Troubleshooting

General

Training Video and Audio File Size Limit

If you see an error about file size, it means your training video or audio file is larger than the 750 MB limit.Tavus supports training videos and audio files up to 750 MB. This limit helps maintain a balance between quality and processing speed.

Tavus requires the H.264 codec for all uploads.

To reduce file size:

Compress the file using video compression tools.
Lower the resolution — 1080p is usually enough.
Trim any extra content to shorten the video.
Reduce the frame rate to around 30 fps.

Conversational Video Interface (CVI)

Replica Responding to Background Noise

If the replica starts responding to background sounds, such as people talking nearby, it may be due to the absence of noise filtering.To resolve this, enable noise cancellation using Daily’s updateInputSettings() method. For example:

callFrame.updateInputSettings({
  audio: {
    processor: {
      type: 'noise-cancellation',
    },
  },
});

Learn more in the Daily SDK documentation.

Replica Is Not Joining the Conversation

This is a rare issue caused by an internal server problem. When it happens, our team is automatically notified and works to resolve it as quickly as possible.You can check the system status at status.tavus.io. We recommend checking periodically for updates if you encounter this error.

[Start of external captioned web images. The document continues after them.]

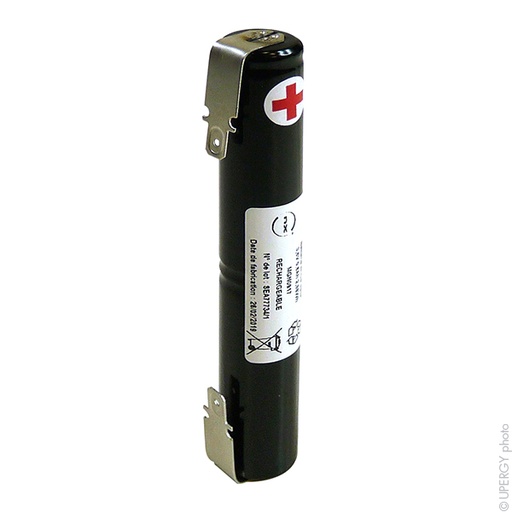 [ENIMGN0917] Pack(s) Batterie eclairage secours 3x AA HT 3S1P ST4 3.6V 800mAh F4.8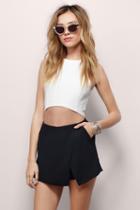 Tobi Janette Fold Over Mini Skort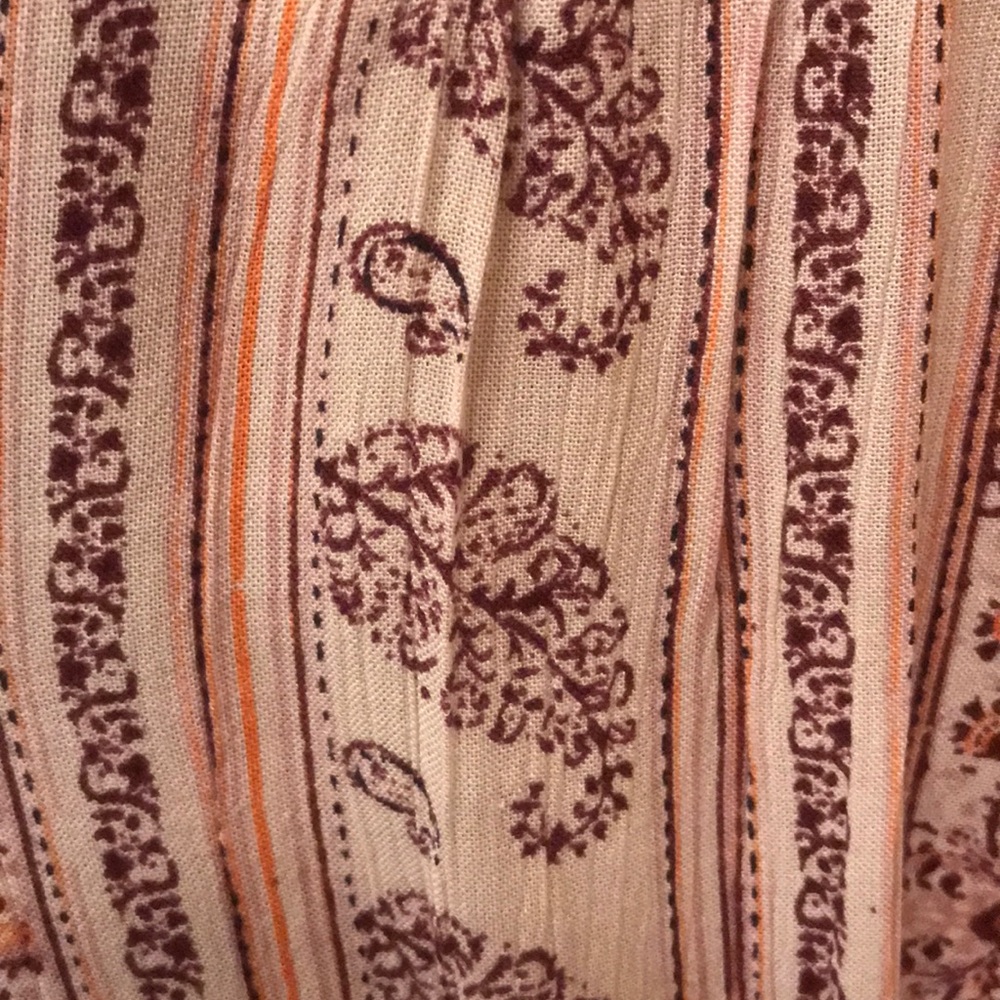 Angie Cold Shoulder Embroidered Blouse - Picture 2 of 8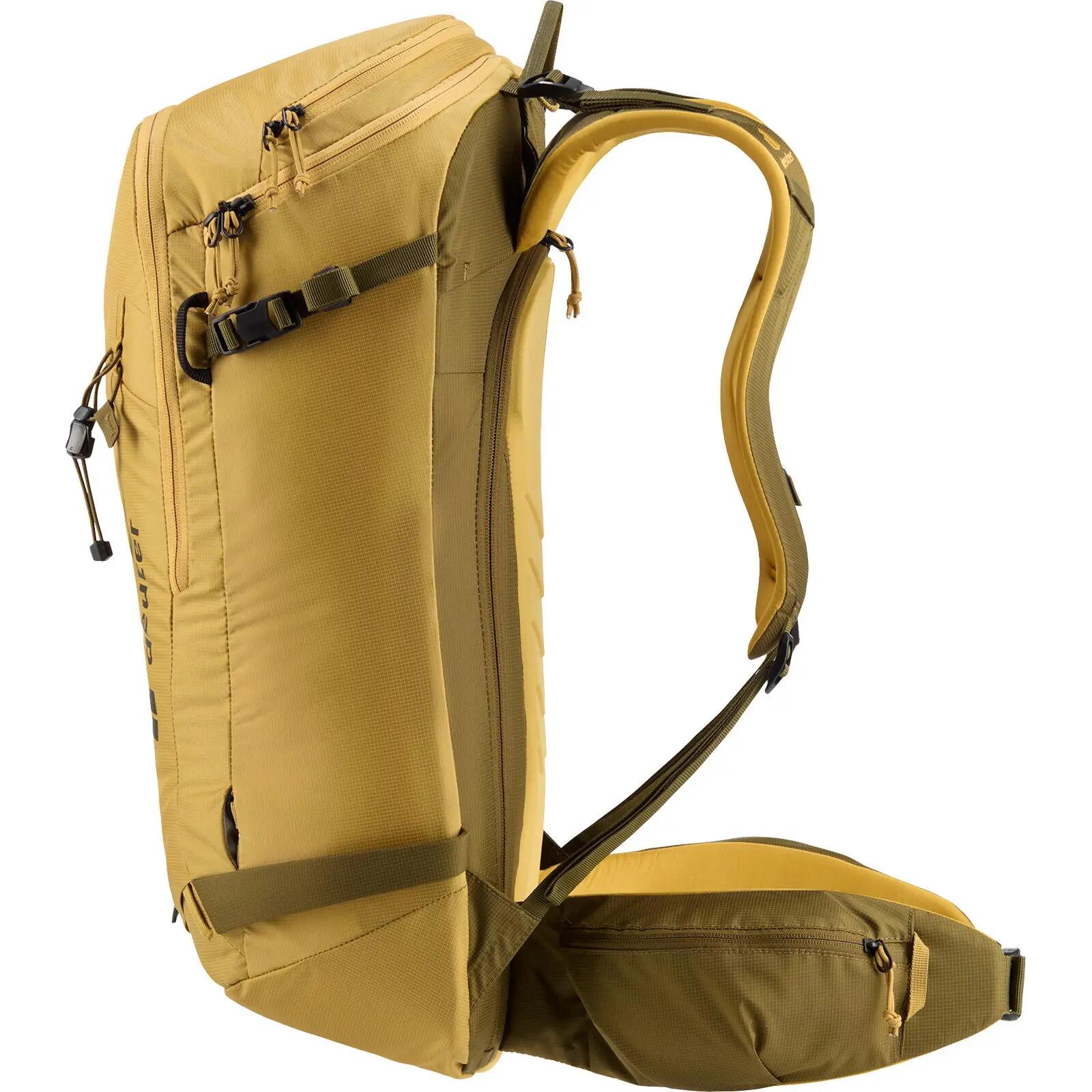 Skitourenrucksack Freerider Pro 32+10 savanna-nori 5/7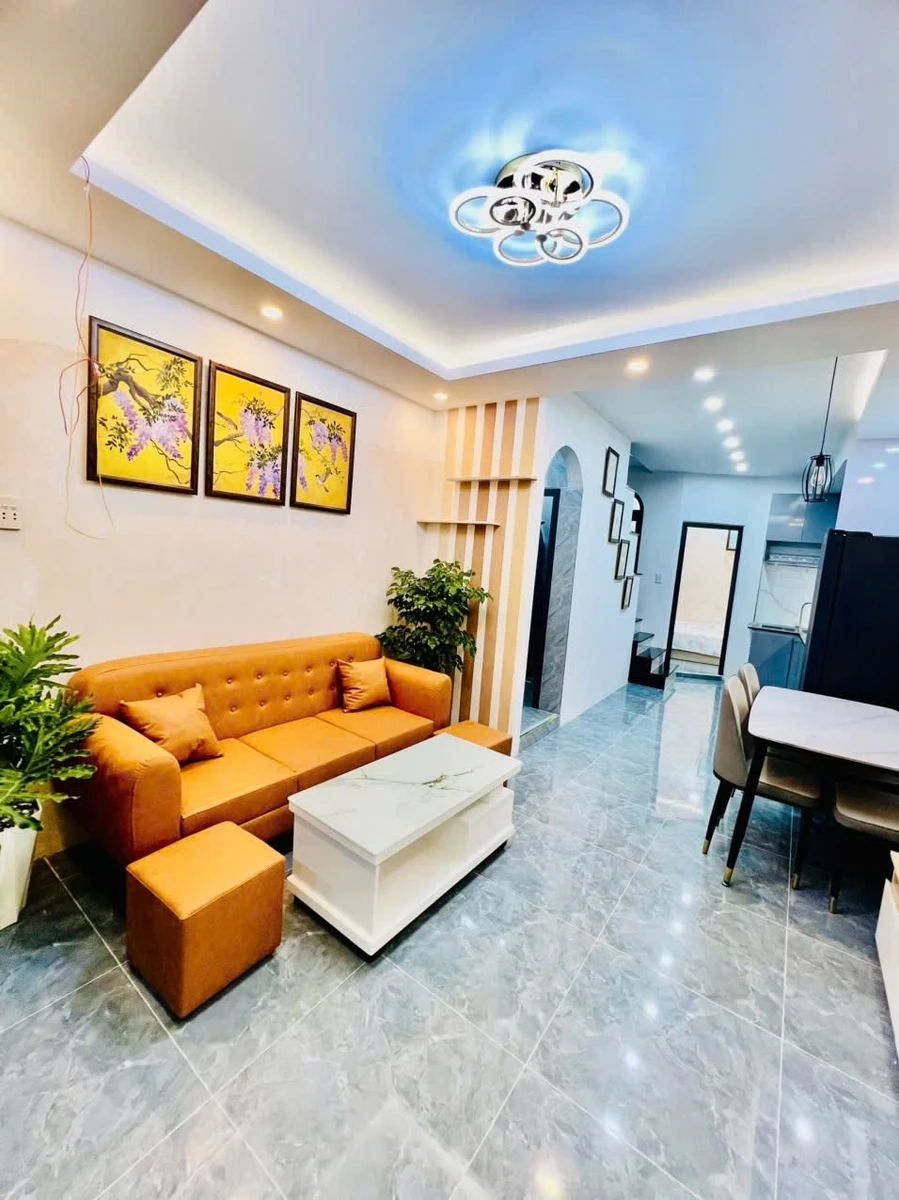 Bán nhà nguyên căn 3 phòng 80m² full nội thất Lê Quang Định - Ảnh thu nhỏ 5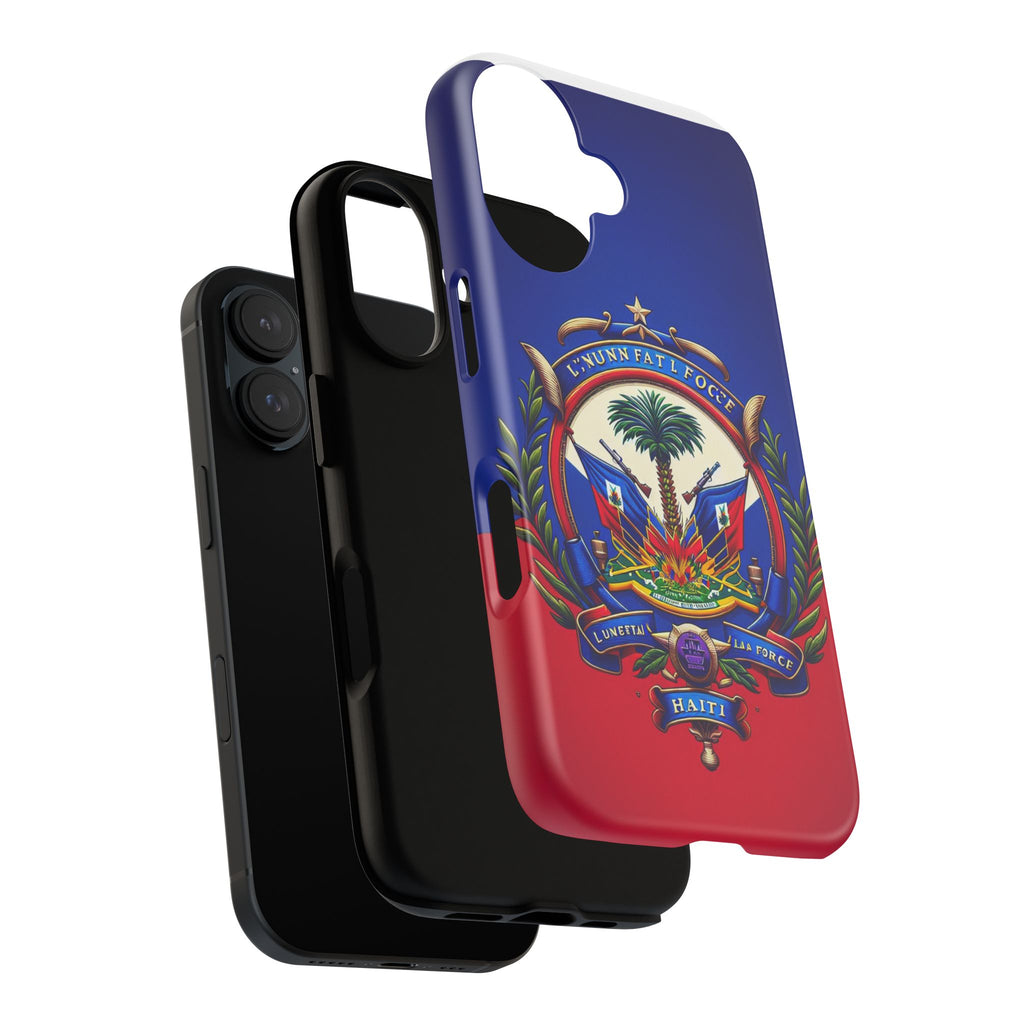 🇭🇹 Pochette Téléphone Haïti – Protection, Style et Fierté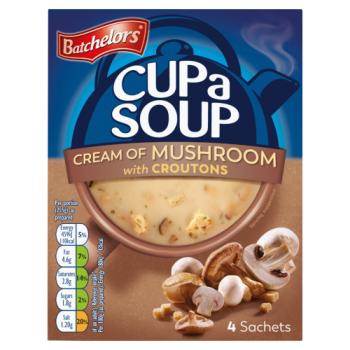 Batchelors Cup A Soup Granules Mushroom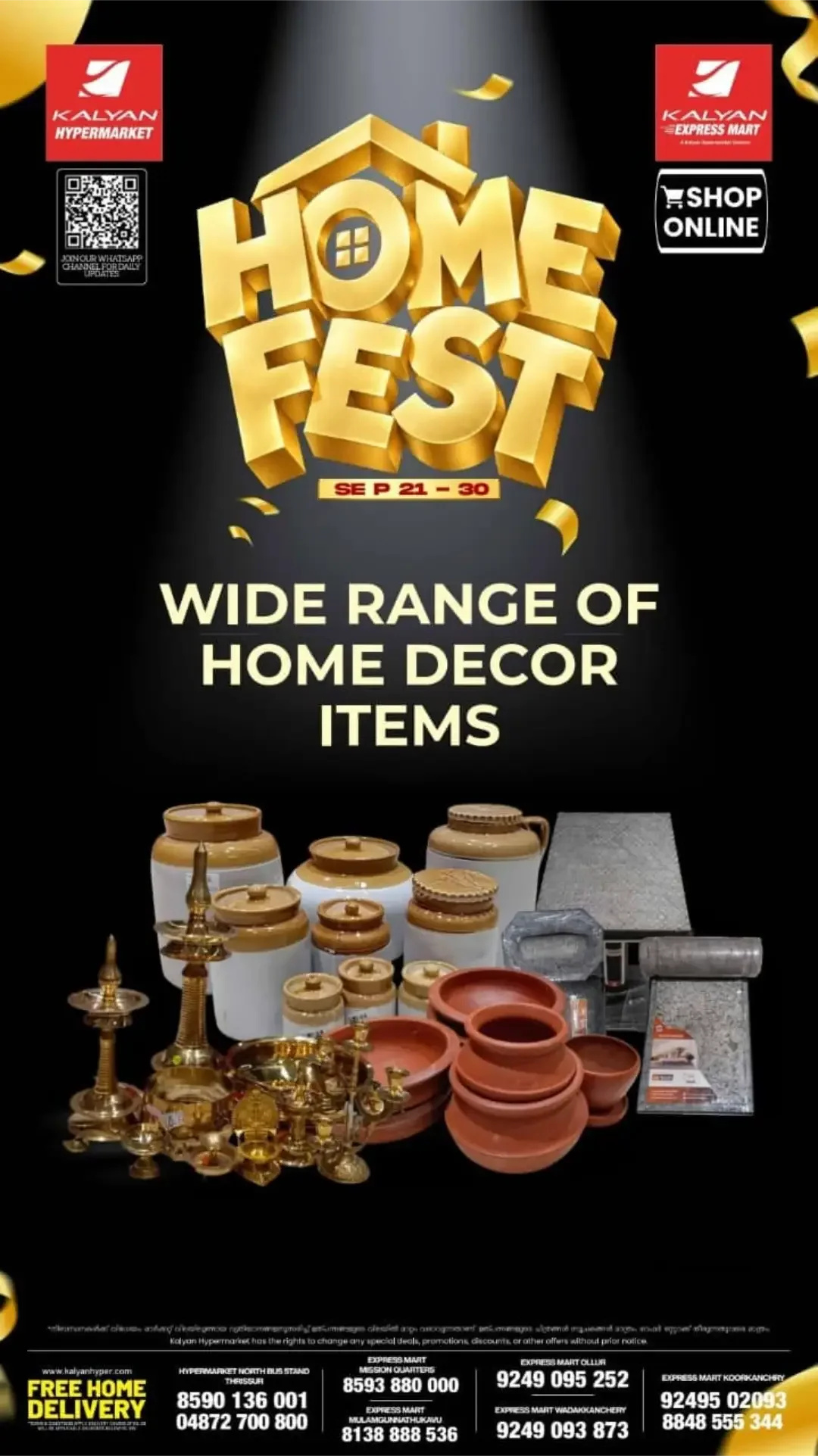 Kalyan Thrissur Home Fest | Offers & Kitchenware Deals page 8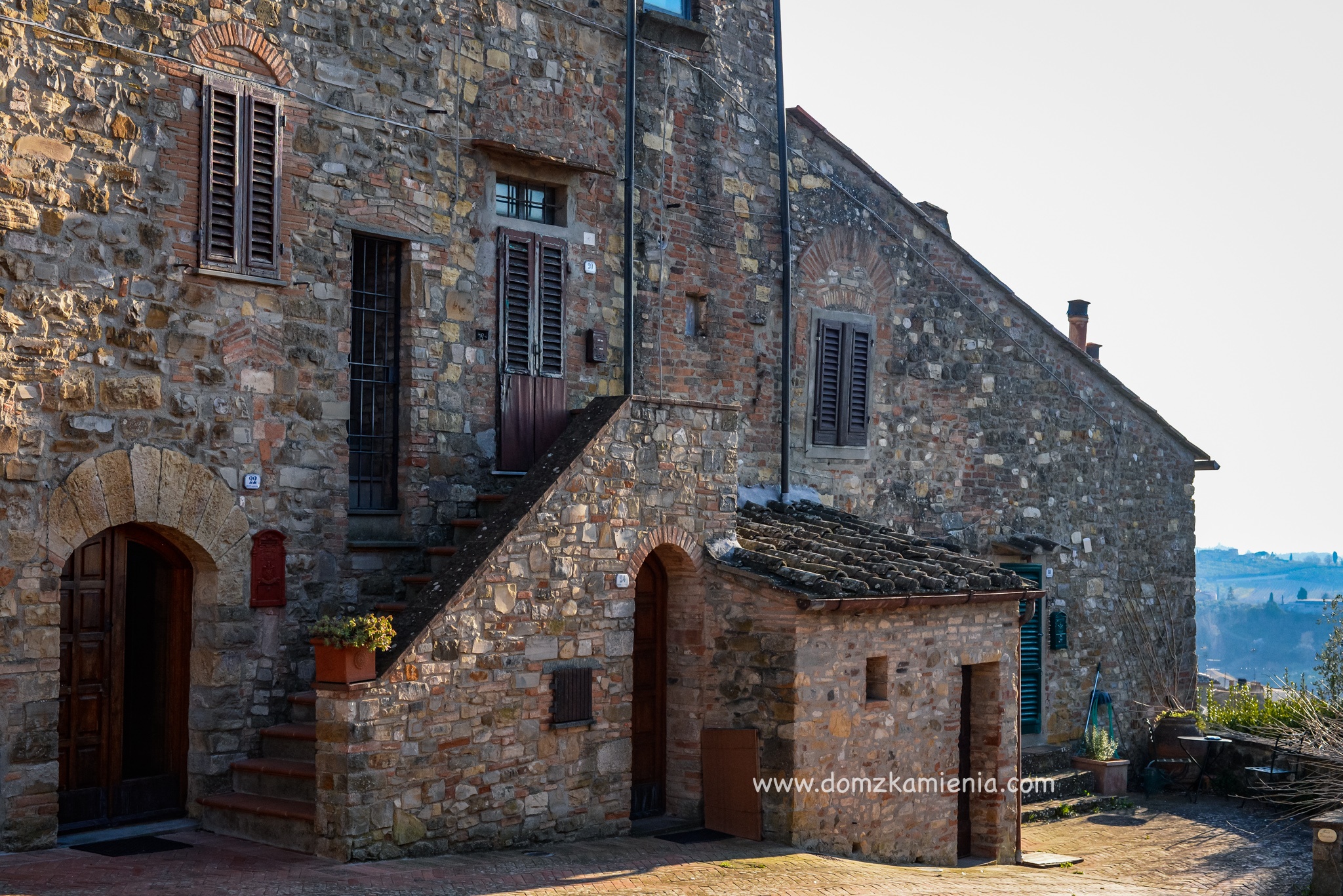 Dom z Kamienia blog, Toskania nieznana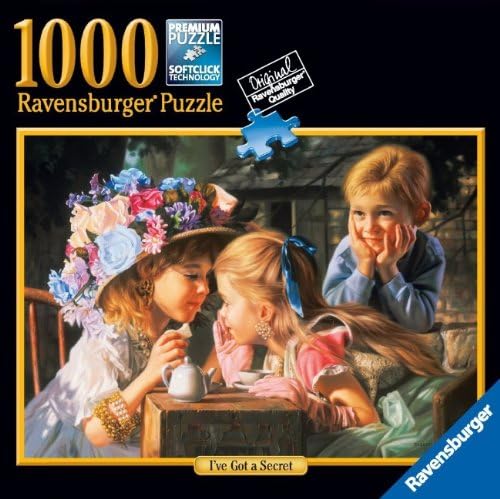 Ravensburger I've Got a Secret Jigsaw Puzzle 1000 Pieces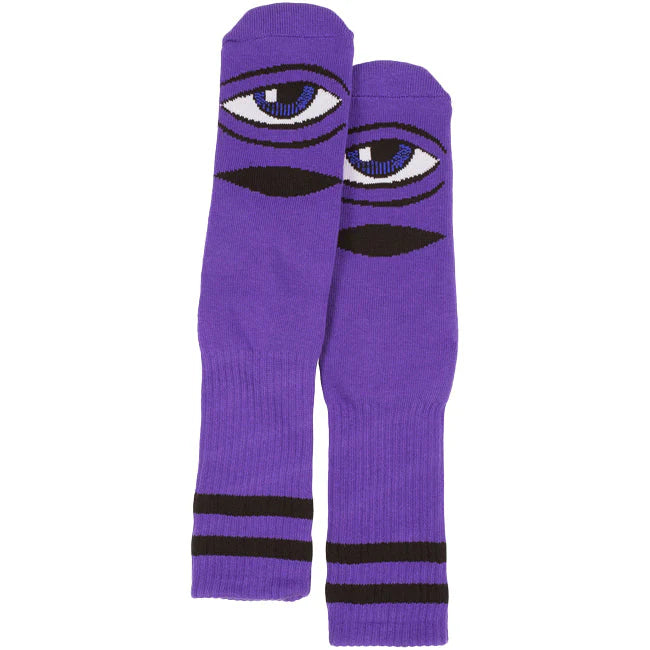 Toy Machine “Sect Eye” Socks (Purple)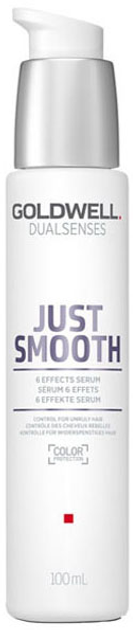 Сироватка Goldwell Dualsenses Just Smooth 6 Effects для неслухняного волосся 100 мл (4021609061298) - зображення 1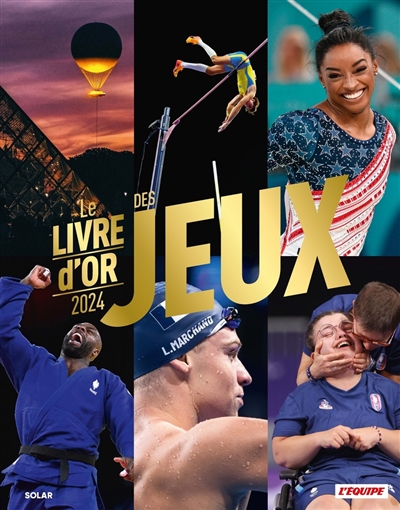 Jeux 2024 : le livre d'or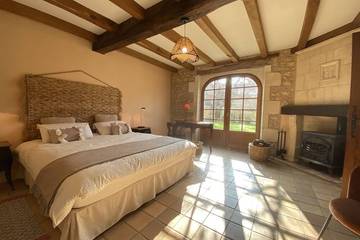 Agriturismo pour 12 personnes, avec jardin à Festalemps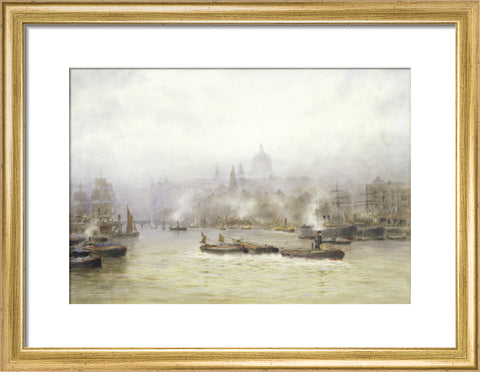 The Pool of London 19th century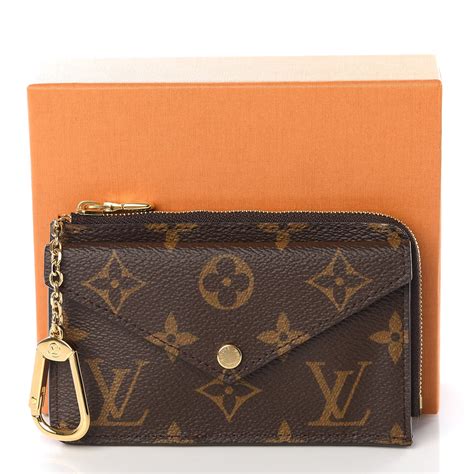 men's card holder lv - louis vuitton monogram card holder.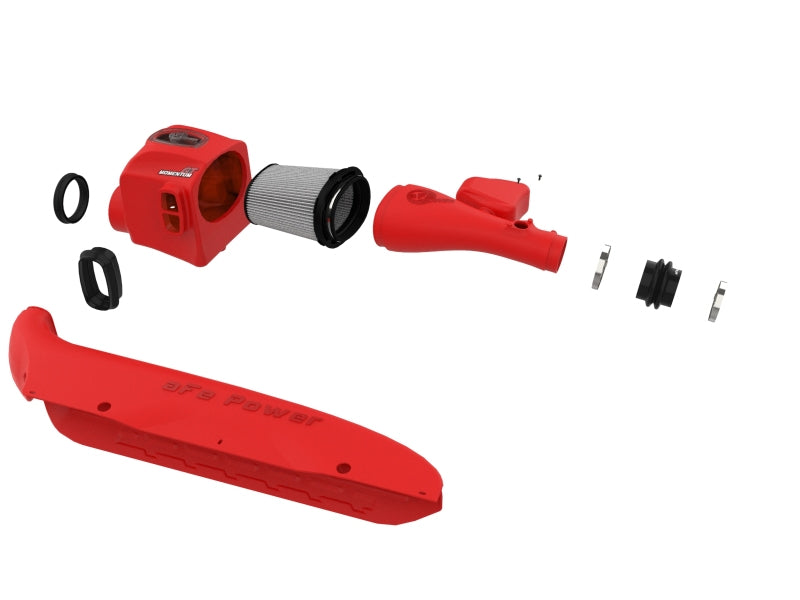 aFe 16-23 Toyota Tacoma V6 3.5L Momentum GT Red Edition Cold Air Intake System with Pro DRY S Filter - Performance Upgrade for Off-Road & Street Driving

Conversational Flow vs STT: Relationship & Migration

Relationship with STT Layer

The Conversational Flow layer is the recommended approach for configuring turn-taking behavior with Sparrow-1. This supersedes the legacy Sparrow-0 configuration available in the STT layer via smart_turn_detection.

Legacy Approach: Configuring turn-taking via the STT layer’s smart_turn_detection parameter is a legacy approach that uses Sparrow-0. For new implementations, use the Conversational Flow layer with Sparrow-1 instead.

When you configure the Conversational Flow layer with turn_detection_model set to sparrow-1, these settings override any corresponding settings in the STT layer.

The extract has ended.